This notebook was inpired by [this LlamaIndex notebook](https://colab.research.google.com/drive/1GyPRMiwxS7rKxKpRt4r-ckYfmAw2GxdQ?usp=sharing)

Making some changes to it with the only intention of trying ideas and learning.

Notice that I am assuming you have the relevant API_KEYs as environmental variables.

In [7]:
from bubls.utils.data.download import download_file_from_url
from bubls.utils.indexing import create_index_from_path
from llama_index.core.agent import FunctionCallingAgentWorker
from llama_index.core.agent import AgentRunner
from llama_index.llms.openai import OpenAI
from llama_index.core.tools import QueryEngineTool, ToolMetadata
import os

## Defining global variables

In [2]:
METADATA = {
    "lyft_10k": {
        "source_url": "https://raw.githubusercontent.com/run-llama/llama_index/main/docs/docs/examples/data/10k/lyft_2021.pdf",
        "file_name": "lyft_10k_2021.pdf",
        "save_data_to": os.path.join(os.environ["DATA_DIR"], "lyft_10k"),
        "persist_index_to": os.path.join(os.environ["PERSIST_DIR"], "lyft_10k"),
        },
    "uber_10k": {
        "source_url": "https://raw.githubusercontent.com/run-llama/llama_index/main/docs/docs/examples/data/10k/uber_2021.pdf",
        "file_name": "uber_10k_2021.pdf",
        "save_data_to": os.path.join(os.environ["DATA_DIR"], "uber_10k"),
        "persist_index_to": os.path.join(os.environ["PERSIST_DIR"], "uber_10k"),
        },
}

## Ingest Data
- Download Information
- Create&Persist or Load Index 
- Create Query Engine

In [3]:
# parser = LlamaParse(result_type="markdown")

In [4]:
query_engine_dict = {}
for k, md in METADATA.items():
    download_file_from_url(md["source_url"], md["file_name"], md["save_data_to"])
    index = create_index_from_path(
        md["persist_index_to"],
        md["save_data_to"],
        # {".pdf": parser}
    )
    query_engine_dict[k] = index.as_query_engine(similarity_top_k=3)

Loading Index


Loading Index


## Define tool

In [5]:
query_engine_tools = [
    QueryEngineTool(
        query_engine=query_engine_dict[k],
        metadata=ToolMetadata(
            name=k,
            description=(
                f"Provides information about {k} financials for year 2021. "
            ),
        ),
    )
    for k in METADATA.keys()
]

## Agent

In [6]:
llm_gpt4 = OpenAI(model="gpt-4")
gpt4_agent_worker = FunctionCallingAgentWorker.from_tools(query_engine_tools, llm=llm_gpt4, verbose=True, allow_parallel_tool_calls=False)
gpt4_agent = AgentRunner(gpt4_agent_worker)
response = gpt4_agent.chat("Compare the revenue growth of Uber and Lyft in 2021.")

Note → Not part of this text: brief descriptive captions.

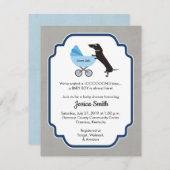 Invitation de garçon de baby shower de teckel (Devant / Derrière)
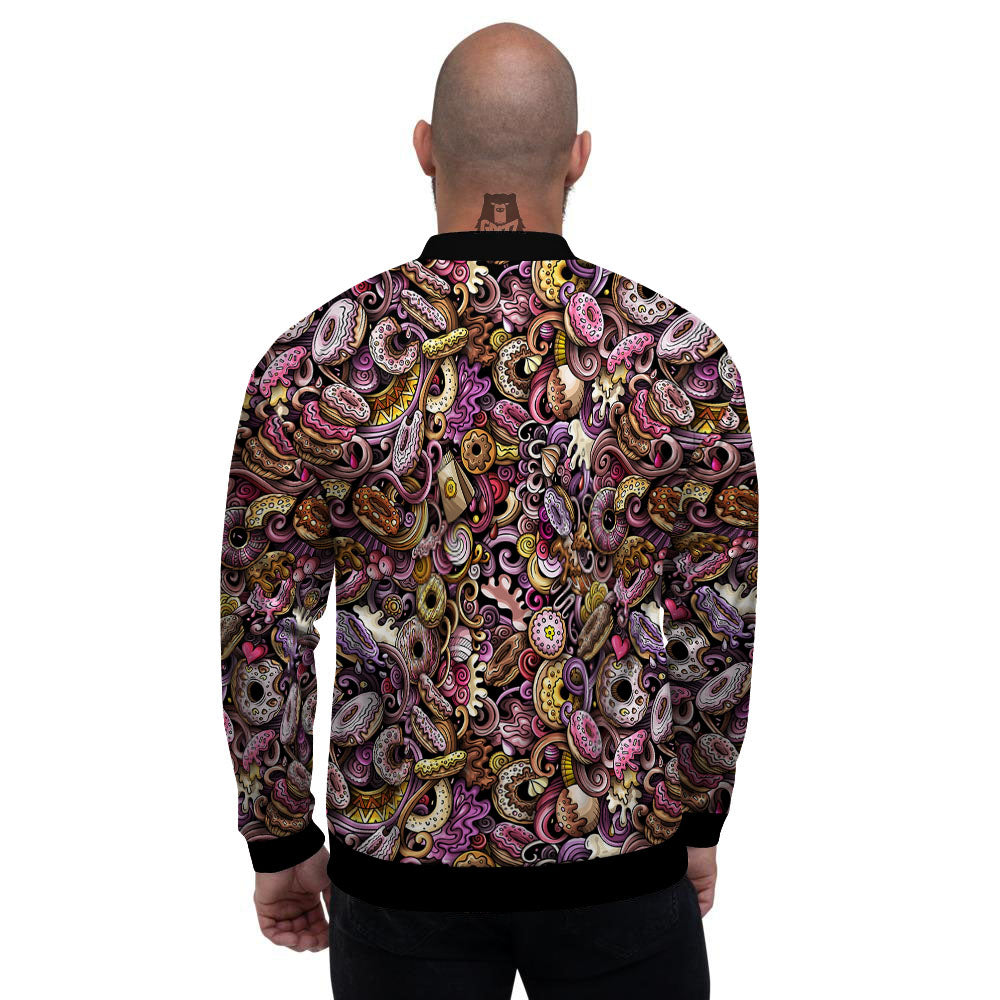 Donut Graffiti Print Pattern Men's Bomber Jacket-grizzshop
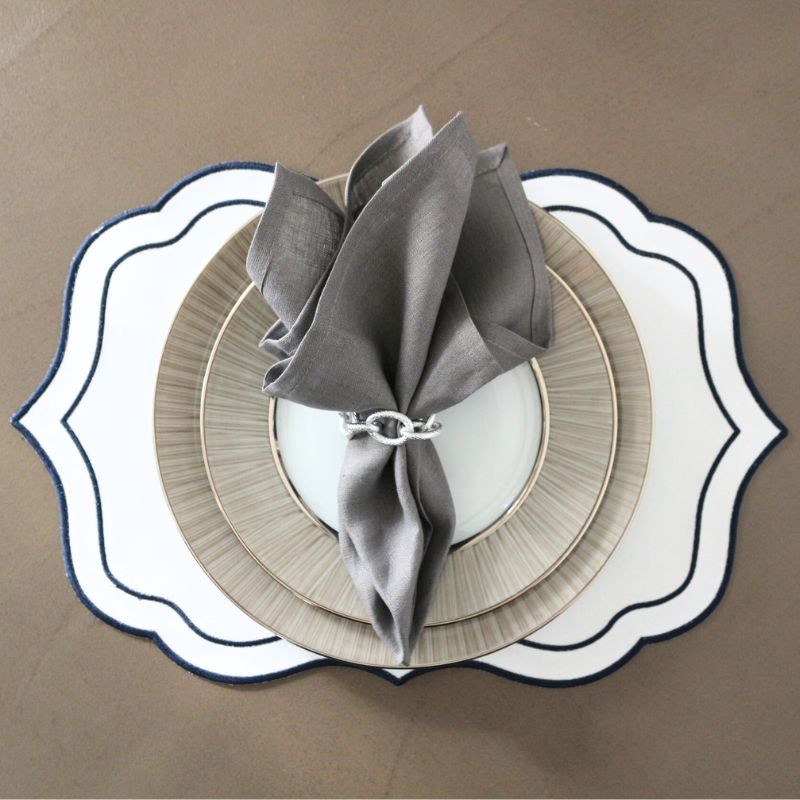 プレースマットスカラップ　ブルー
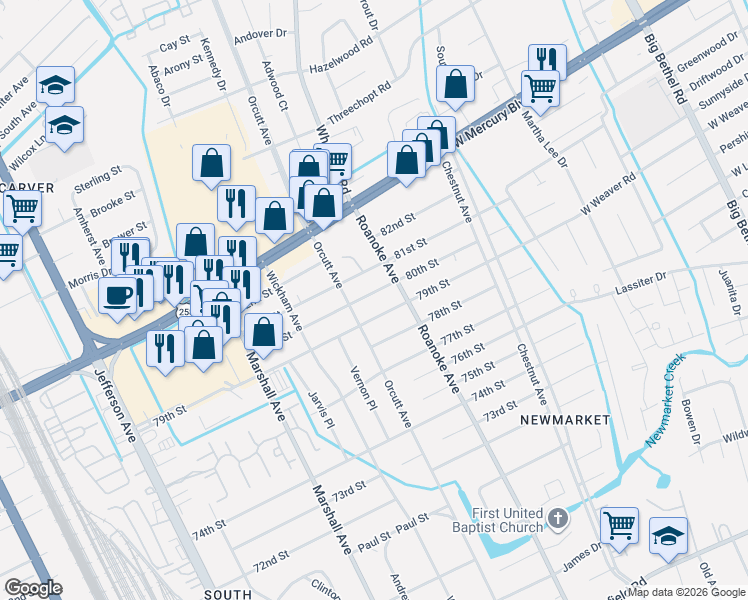 map of restaurants, bars, coffee shops, grocery stores, and more near 1008 80th Street in Newport News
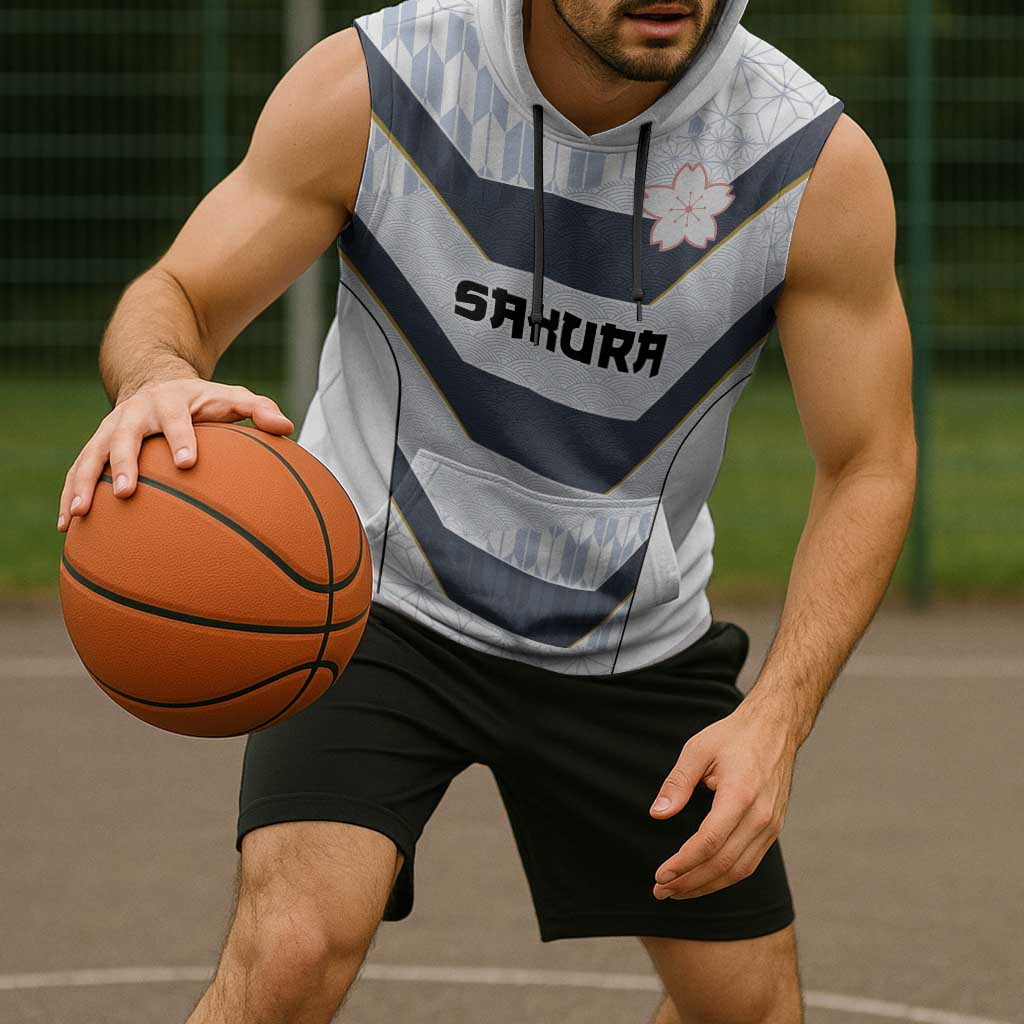 Japan Pacific Rugby 2022-23 Custom Sleeveless Hoodie Black Sakura Japanese Wave Pattern - Polynesian Pride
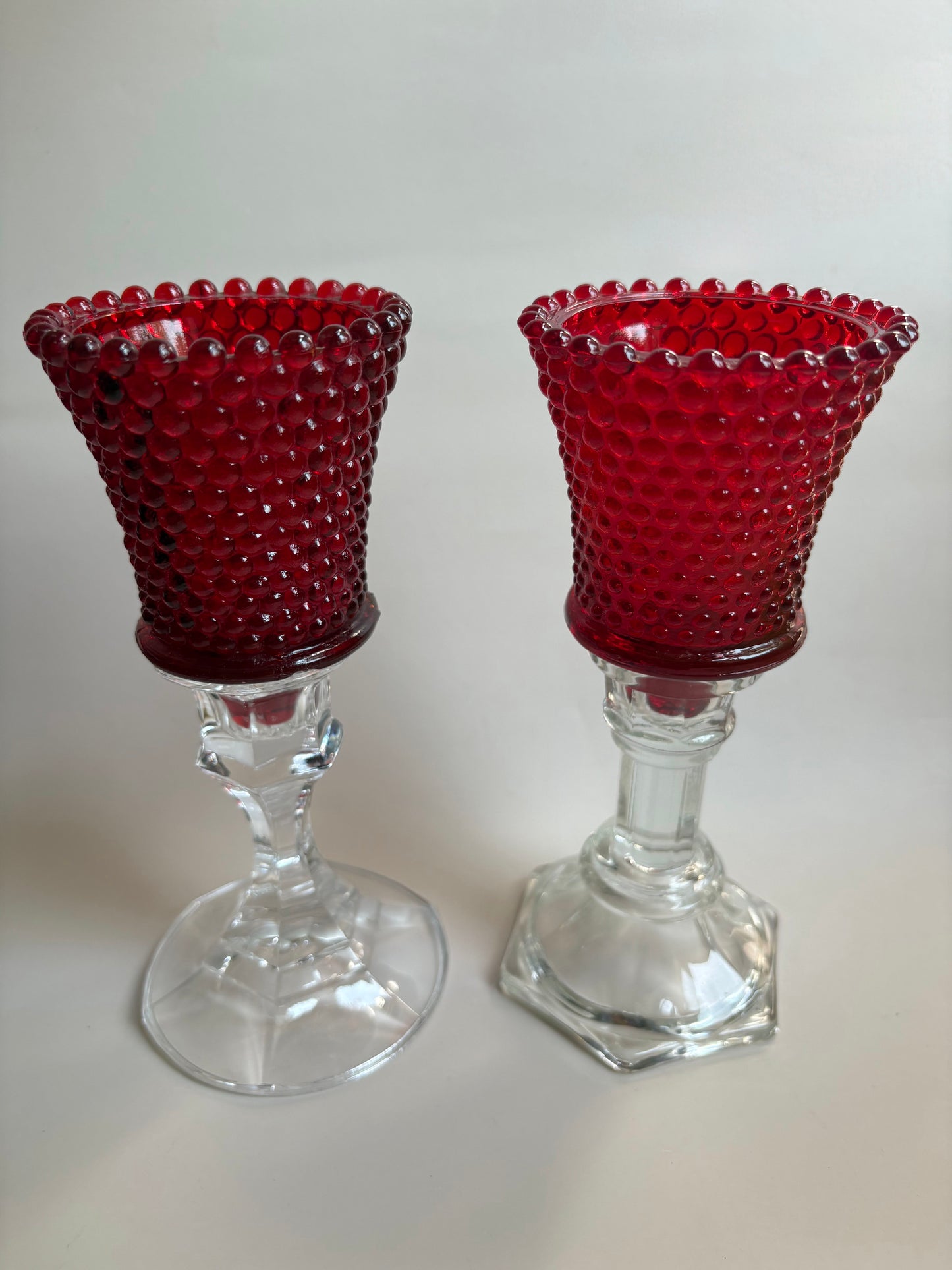 Pair of Vintage Red Hobnail Glass Peg Votive Candlholders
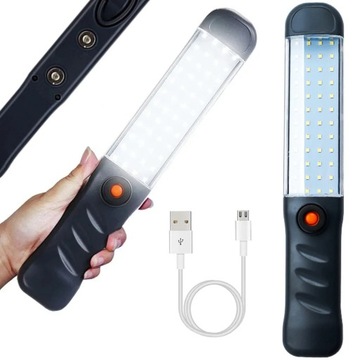 MOCNA LATARKA WARSZTATOWA LAMPA 48 LED COB USB HAK MAGNES AKUMULATOROWA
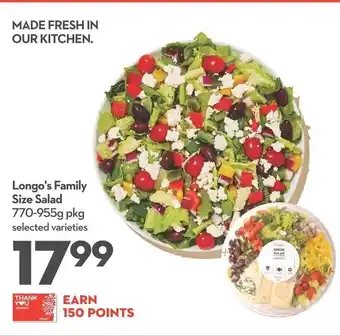 Longo's Longo's Family Size Salad 770-955g pkg offer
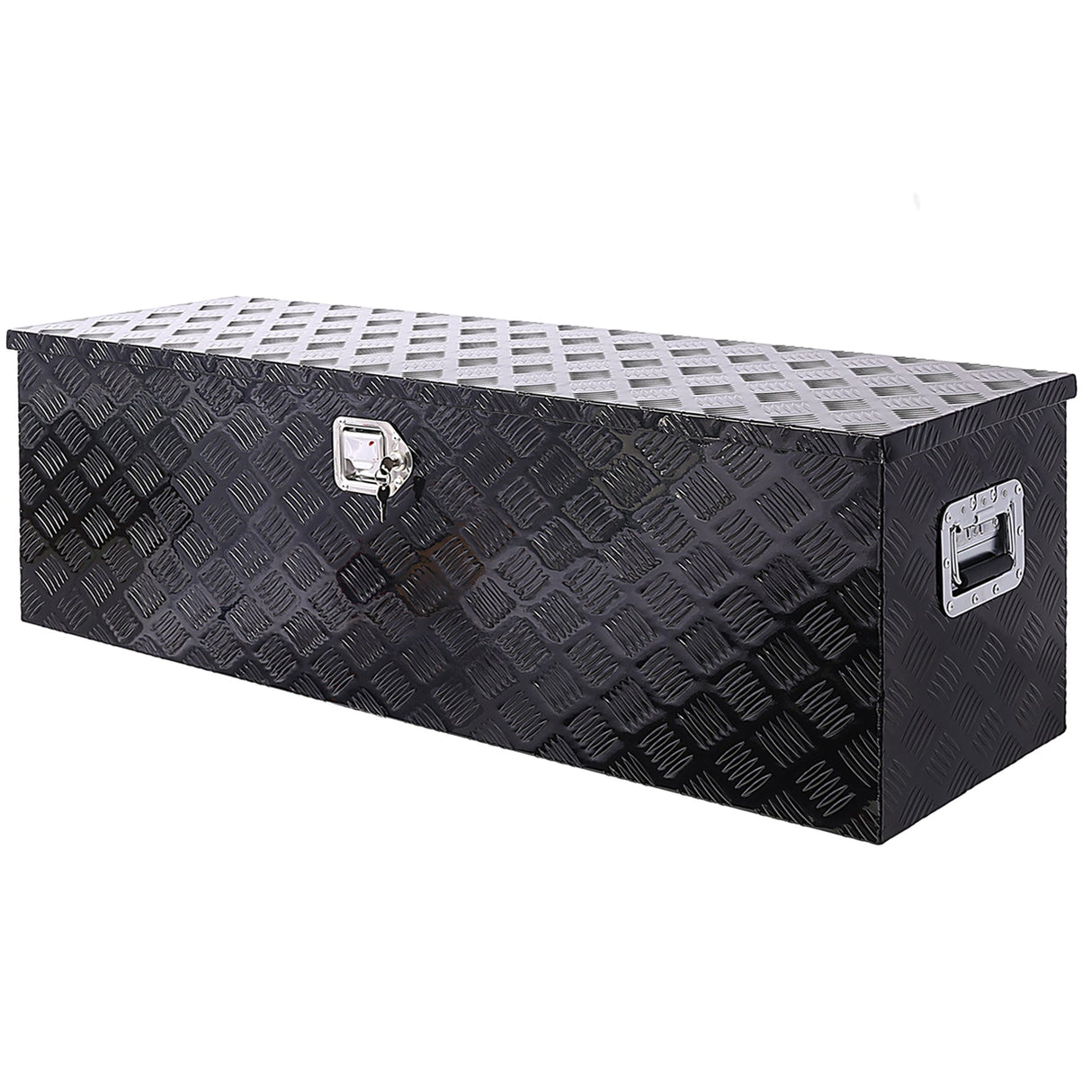 40 Inch Tool Box Aluminum Heavy Duty Tool Box w/ Lock Keys 48x15x15 inch - Black - Fab Heavy Parts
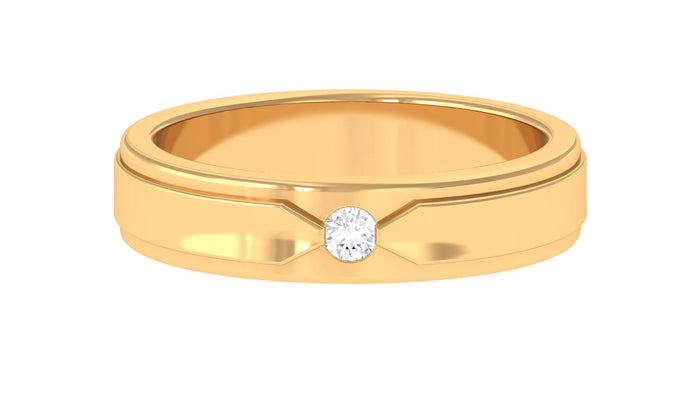 Certified real men's diamond band ring from Rosec Jewels, showcasing a sleek design with sparkling diamonds on a polished band.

Added user message to memory: Compare the revenue growth of Uber and Lyft in 2021.


=== Calling Function ===
Calling function: uber_10k with args: {"input": "What was Uber's revenue growth in 2021?"}
=== Function Output ===
Uber's revenue grew by 57% in 2021.
=== Calling Function ===
Calling function: lyft_10k with args: {"input": "What was Lyft's revenue growth in 2021?"}
=== Function Output ===
Lyft's revenue increased by 36% in 2021 compared to the prior year.
=== LLM Response ===
In 2021, Uber's revenue grew by 57%, while Lyft's revenue increased by 36%. Therefore, Uber had a higher revenue growth compared to Lyft in the same year.